According to a new book by UK economist and behavioral scientist Paul Dolan, UK “gardeners and florists… are nearly twice as happy as people in more prestigious, better paid jobs.” See how this shop keeps its employees happy.
“Gardeners and florists are the happiest of all the professions [in the U.K.] and nearly twice as happy as people in more prestigious and better paid jobs, says a new book by a UK economist and behavioral scientist Professor Paul Dolan,” according to a May 15 story in The Sydney Morning Herald. “Nearly nine out of 10 florists and gardeners say they are happy, he writes in his book, ‘Happiness by Design.’”
Dolan found that the happiest professions included:
- Florists and gardeners, 87 percent of those surveyed said they are happy.
- Hairdressers and beauticians, 79
- Plumbers, 76
At the other end of the spectrum, people working in the following professions expressed the lowest level of happiness:
- HR and personnel staff, 54
- IT and telecommunications workers, 48
- Bankers, 44.
Doctors and dentists (65 percent) and lawyers (64 percent) fell somewhere in the middle.
Why the difference? For now Dolan, of the London School of Economics and Political Science, isn’t sure, but he speculated that many people pick their professions based on status or the expectation of a high salary, which can lead to an unfulfilling work life.
His research also hints at ways to ensure your employees are feeling the love and happiness of your profession, too: Be the kind of boss you’d want to work for, offer the best pay and benefits you can and provide praise and specific feedback on daily tasks.
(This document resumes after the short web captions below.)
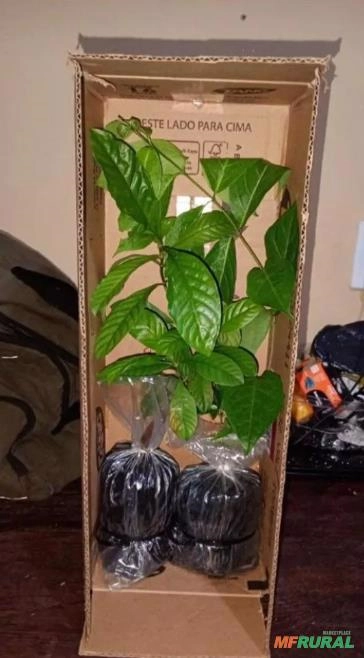 KIT Mudas de Mariri (Jagube) e Chacrona (Rainha) - Plantas Mestras Vigorosas e Orgânicas Imagem KIT Mudas de Mariri (Jagube) e Chacrona (Rainha) - Plantas Mestras Vigorosas e Orgânicas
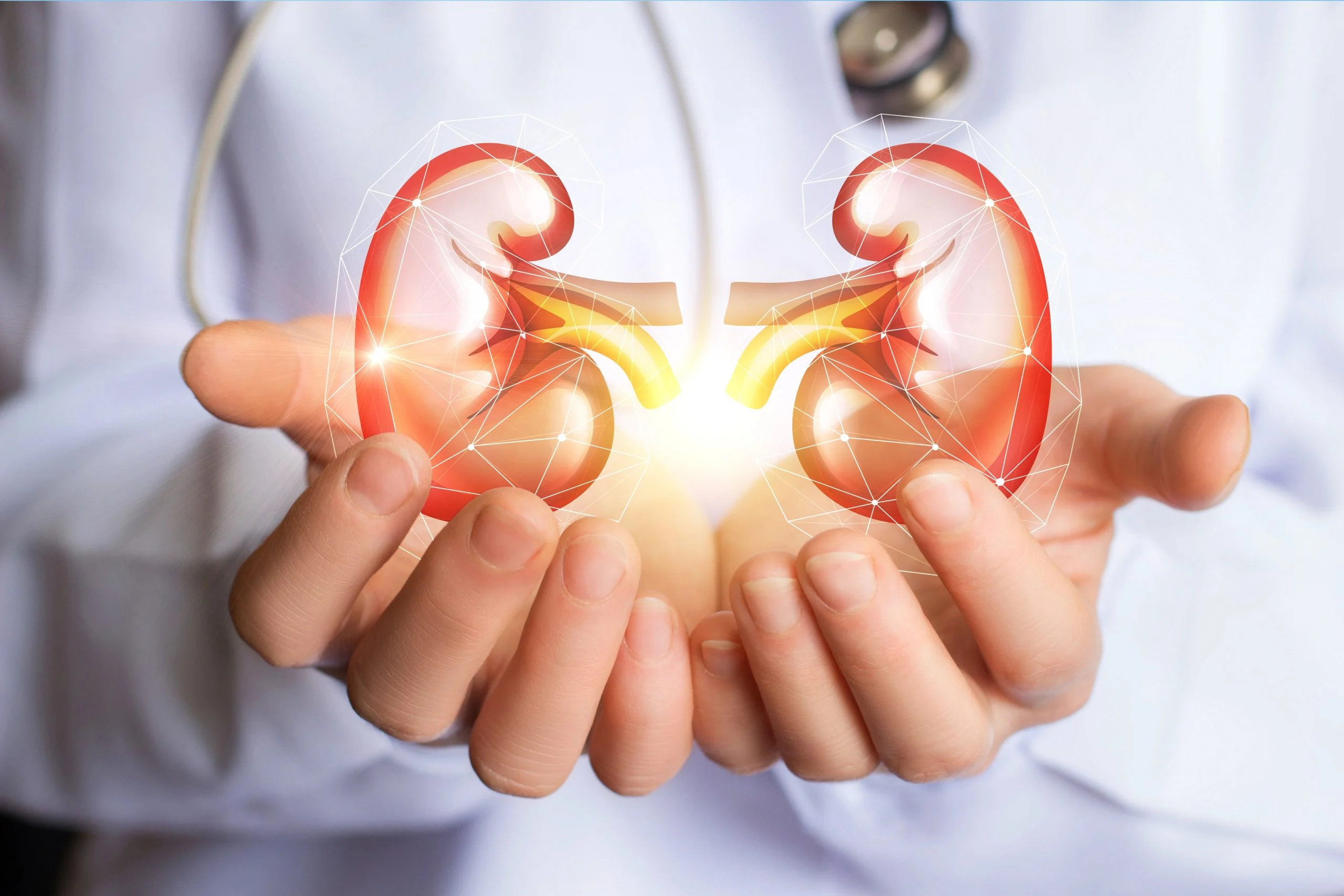 NEPHROTIC SYNDROME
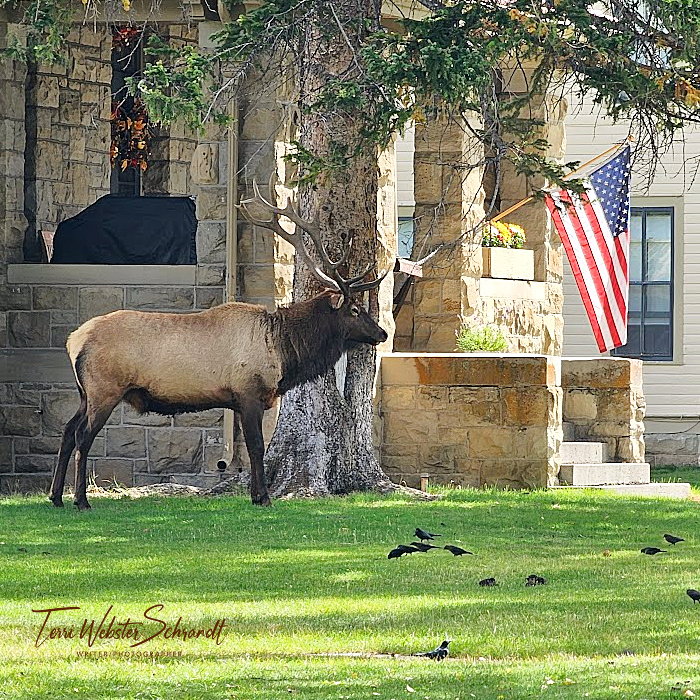 bull elk
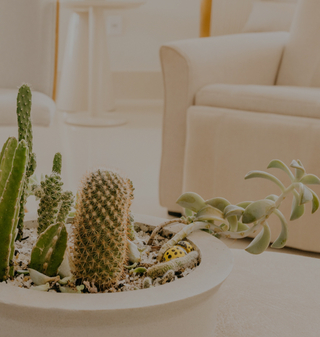 calm photo of cactus on a table with a couch in the background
“We do know people are happier with their lives over time if they are satisfied with aspects of their jobs like their boss, pay and daily tasks, which suggests it is most important that the job is a good fit for the individual type rather than the type of job per se,” Dolan writes.
While Dolan did not mention the positive influence flowers and plants can have on people’s daily lives — and florists and their teams can’t help but benefit from as they go about their workday — that’s a phenomenon SAF has tracked for years, with the help of major research institutions.
In fact, a 2003 study conducted at Texas A&M University found that “problem-solving skills, idea generation and creative performance improve substantially in workplace environments that include flowers and plants,” among many other positive effects.